После того как Бунтин и Ершов скрылись за сараем бригадного стана, я, Забуга и несколько посыльных бросились следом за командованием спускаться в овраг. На подъеме я заметил, как рикошетировали пули вокруг, как рядом со мной посыльному в спину попали три пули и вырвали белую вату телогрейки, а он упал замертво. Видимо, закончились патроны в магазине у немецкого автоматчика, и я успел перевалиться за каменную изгородь, по которой тут же прошла новая очередь. Пустой пулемет мы оставили в овраге, разбив приклад. Броском на полусогнутых мы успели забежать за сарай, где находились командир с начальником штаба. Невдалеке разорвался снаряд, и у Бунтина от попадания осколка потекла кровь на виске. В панике он заорал: «Начальник штаба, принимайте у меня командование полком, я ранен». Последний, как попугай, продублировал во всю глотку: «Лебединцев назначаетесь начальником штаба полка, организовать оборону и ни шагу назад». В это время Забуга спустился по пожарной лестнице и доложил Ершову, что скоро танки сомкнутся, и мы останемся в окружении в селе. Бунтина потащил адъютант и его сожительница. Я показал примерное направление выхода из села и предложил Ершову бежать вместе, но он задал мне самый глупый вопрос. «А ты меня сможешь вынести, если ранят?» Я махнул рукой и бросился под откос, перебежал улицу и оказался на околице с небольшим подъемом. В это время зарычала «Катюша» и вокруг начали рваться ее снаряды. С этого раза мне навсегда запомнился шквал огня, которого так боялись немцы. Неожиданно из овражка вылезли шесть человек наших пеших разведчиков во главе с их командиром, старшиной.
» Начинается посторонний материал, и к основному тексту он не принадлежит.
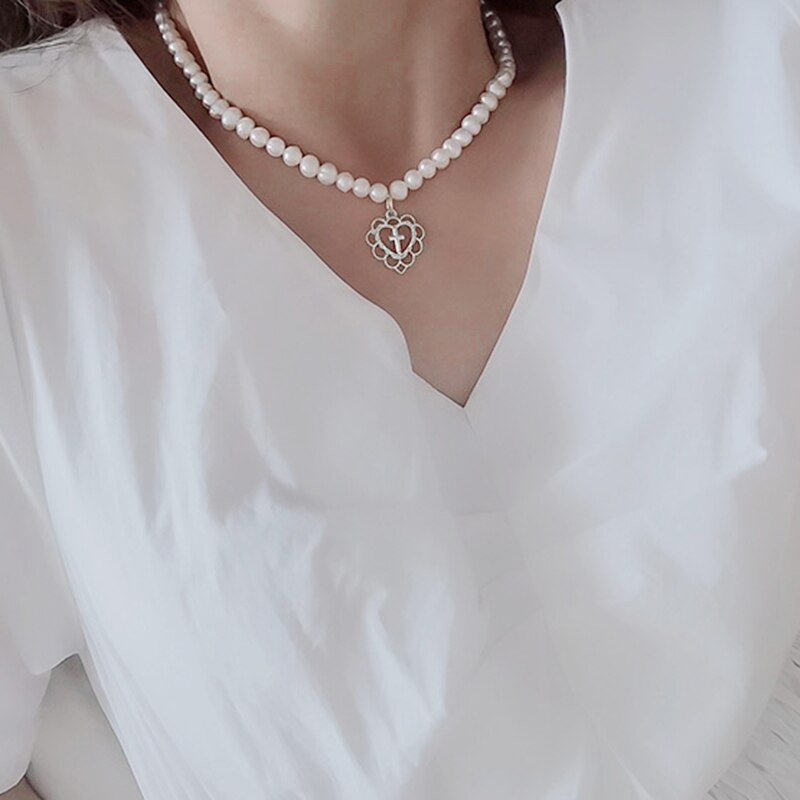 Punk gotisch Harajuku Perle Kette Halsketten Hohl Herzförmigen Anhänger retro Kreuz Halsband Halskette für Frauen Schmuck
Они очень обрадовались, что увидели своего, и примкнули к нам. Мы поднялись на пригорок и встретили еще троих связистов из корпуса. Они тоже присоединились к нам. Наступила темнота. На такую беду, какая с нами произошла, нам впервые вместе с приказом на наступление выдали всего один экземпляр топокарты этого района. До этого, как минимум, по пять экземпляров выдавали. Конечно, карта была у адъютанта командира. У меня в те годы была обостренная зрительная память на местность, и я помнил стороны горизонта. Но тогда ориентировался по принципу: где пожары, там немцы, надо идти туда, где нет всполохов. В темноте присоединились с десяток корпусных саперов, которые отрывали землянку комкору. Шум боя постепенно затихал. Впереди послышался скрип снега и понукание лошадей. А после начали различать русскую речь. Видимо, и нас заметили и окликнули: «Кто такие? Одного ко мне> . Я по голосу узнал начальника разведки майора Передника и поспешно назвал себя, так как там уже защелкали затворами оружия. Это была окраина села, видимо Шубеных Ставов. Из хаты вышел подполковник Хамов. Он обрадовался, что у меня человек двадцать войска, и тут же приказал людей не распускать и следовать далее с Передником в направлении села Новая Гребля, где занять оборону и всех отходящих подчинять под свое командование.